Por ÁNGEL MANUEL AMARO QUINTAS (Coordinador de Universitari@s Progresistas y miembro del Centro de Estudios de la Mujer de la Universidad de Alicante).

FEMINISMO, IDENTIDAD Y GÉNERO

Uno de los movimientos sociales más importantes del Estado es el de lesbianas, gays, transexuales y bisexuales (LGTB). Las movilizaciones en el día del orgullo evidencian su fuerza; y sus encuentros estatales, las diferencias internas que lo atraviesan. Aportamos un texto sobre algunas de las tensiones que lo conforman.
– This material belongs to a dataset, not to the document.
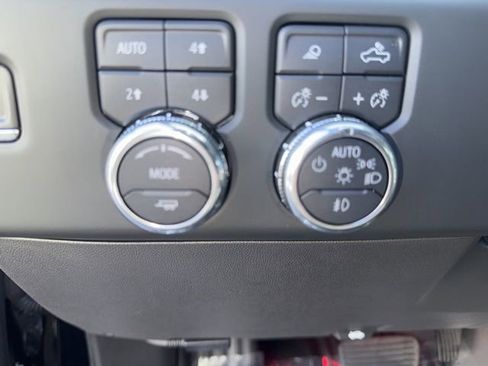 Used 2024 GMC Sierra 1500 AT4 w/ AT4 Preferred Package image 22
Una lesbiana, mujer homosexual presentada frecuentemente como compañera de ‘la lucha gay’, es en la sociedad actual, y concretamente en el movimiento ‘gay’, casi como un ente que pasa desapercibido en este supuesto camino de ‘liberación sexual e identitaria’. Trata de dejar huella e impronta en un terreno hostil como el de la liberación homosexual, pero diversos elementos se lo ponen difícil (lesbofobia gay, han leído bien). Como un hilillo de voz temeroso que reivindica su libertad e independencia militante detrás de la estructura del movimiento LGTB, las lesbianas hartas de que otros hablen por ellas parece que día tras día se organizan y militan de manera intensa, independiente y al margen de sus compañeros originarios de lucha.
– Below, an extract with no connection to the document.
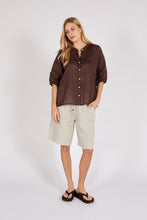 Load image into Gallery viewer, MARLOW RIPTIDE LINEN SHORT NATURAL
Para vertebrar un discurso lésbico independiente, visible y con lenguaje propio, deberemos en primer lugar asegurarnos de que percibimos en la lesbiana una mujer lesbiana, y no simplemente una lesbiana. Porque no hay derechos de las lesbianas si no existen y se garantizan previamente los derechos de todas las mujeres. La lucha de las lesbianas debería estar inserta en la praxis feminista (deseable) de una manera clara y rotunda. La homofobia en sus vertientes masculina y femenina no es en absoluto parecida. La lesbofobia, homofobia ejercida contra las mujeres lesbianas, es claramente distinta a la homofobia, ejercida contra los varones gays. La discriminación de las lesbianas es doble, por mujer y por lesbiana, siendo el componente ‘mujer’ decisivo en este tipo de homofobia. Son les-ionadas.

Las lesbianas son, frecuentemente, según informes de la ILGA -International Lesbian and Gay Association-, víctimas de acoso sexual en los centros de trabajo (sin contar la invisibilidad laboral), discriminadas en los centros de salud –heterocentrismo ginecológico– y educativos, añadiendo a todo esto la discriminación que en una sociedad sexista y machista como la actual sufre toda mujer por el simple hecho de ser mujer.
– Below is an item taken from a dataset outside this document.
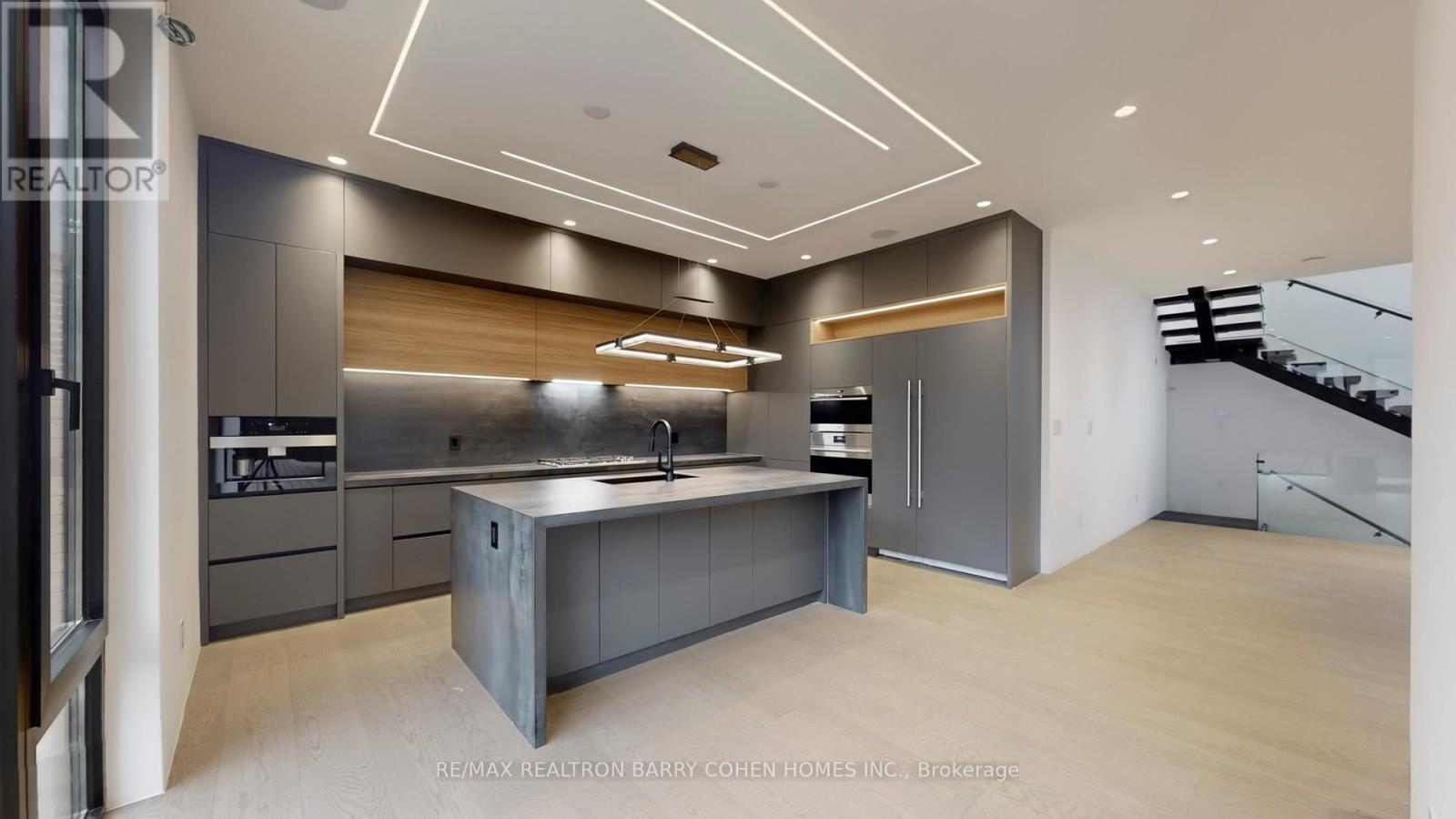 135 Imperial Street, Toronto, Ontario  M5P 1C7 - Photo 12 - C12583102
¿Os imagináis la situación discriminatoria que puede llegar a sufrir una mujer, lesbiana, anciana, campesina, viuda, prostituta, sin estudios, minusválida, de color, indígena, mutilada genitalmente y pobre?

Las gafas lilas feministas parecen ser la mejor herramienta para apreciar este tipo específico de discriminación que es tan parecida a la que sufren las mujeres heterosexuales, el machismo. Las lesbianas son vulnerables a un tipo de acoso, pobreza y marginación (económica, social) al que no son los varones gays. Las lesbianas, al igual que el resto de las mujeres, están enmarcadas dentro de un sistema económico-productivo en el que los varones perciben una remuneración superior a la de las mujeres ante el mismo trabajo desempeñado, ellas cargan todavía con las tareas domésticas, existe violencia machista y decenas de asesinadas. Perduran binarismos de género que caen sobre la espalda de la lesbiana como un dique de hormigón; existe, por tanto, el heterocentrismo/ sexismo/normativo.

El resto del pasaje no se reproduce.